• _Assignment_:
Please transcribe all of the records precisely.

• _Task data_:
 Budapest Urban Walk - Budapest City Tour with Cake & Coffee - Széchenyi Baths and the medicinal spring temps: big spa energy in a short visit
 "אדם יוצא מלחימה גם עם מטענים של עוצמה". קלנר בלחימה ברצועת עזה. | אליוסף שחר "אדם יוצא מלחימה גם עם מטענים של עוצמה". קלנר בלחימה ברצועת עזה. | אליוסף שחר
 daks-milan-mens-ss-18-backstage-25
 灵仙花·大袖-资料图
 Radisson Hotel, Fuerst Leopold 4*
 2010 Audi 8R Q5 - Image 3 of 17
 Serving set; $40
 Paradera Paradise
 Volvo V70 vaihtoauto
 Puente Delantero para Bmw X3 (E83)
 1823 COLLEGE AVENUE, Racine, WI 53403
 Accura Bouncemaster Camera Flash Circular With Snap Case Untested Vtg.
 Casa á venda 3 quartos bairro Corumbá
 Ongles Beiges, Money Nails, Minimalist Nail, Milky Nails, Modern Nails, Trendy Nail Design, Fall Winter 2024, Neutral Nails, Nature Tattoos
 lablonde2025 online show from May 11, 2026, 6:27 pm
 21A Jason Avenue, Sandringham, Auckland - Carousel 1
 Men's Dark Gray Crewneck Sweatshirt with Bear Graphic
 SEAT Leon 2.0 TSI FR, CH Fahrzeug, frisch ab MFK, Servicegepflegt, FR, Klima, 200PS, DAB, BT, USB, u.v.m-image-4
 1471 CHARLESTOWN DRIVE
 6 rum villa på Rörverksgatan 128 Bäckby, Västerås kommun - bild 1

• _Written solution_:
 Budapest Urban Walk - Budapest City Tour with Cake & Coffee - Széchenyi Baths and the medicinal spring temps: big spa energy in a short visit
 "אדם יוצא מלחימה גם עם מטענים של עוצמה". קלנר בלחימה ברצועת עזה. | אליוסף שחר "אדם יוצא מלחימה גם עם מטענים של עוצמה". קלנר בלחימה ברצועת עזה. | אליוסף שחר
 daks-milan-mens-ss-18-backstage-25
 灵仙花·大袖-资料图
 Radisson Hotel, Fuerst Leopold 4*
 2010 Audi 8R Q5 - Image 3 of 17
 Serving set; $40
 Paradera Paradise
 Volvo V70 vaihtoauto
 Puente Delantero para Bmw X3 (E83)
 1823 COLLEGE AVENUE, Racine, WI 53403
 Accura Bouncemaster Camera Flash Circular With Snap Case Untested Vtg.
 Casa á venda 3 quartos bairro Corumbá
 Ongles Beiges, Money Nails, Minimalist Nail, Milky Nails, Modern Nails, Trendy Nail Design, Fall Winter 2024, Neutral Nails, Nature Tattoos
 lablonde2025 online show from May 11, 2026, 6:27 pm
 21A Jason Avenue, Sandringham, Auckland - Carousel 1
 Men's Dark Gray Crewneck Sweatshirt with Bear Graphic
 SEAT Leon 2.0 TSI FR, CH Fahrzeug, frisch ab MFK, Servicegepflegt, FR, Klima, 200PS, DAB, BT, USB, u.v.m-image-4
 1471 CHARLESTOWN DRIVE
 6 rum villa på Rörverksgatan 128 Bäckby, Västerås kommun - bild 1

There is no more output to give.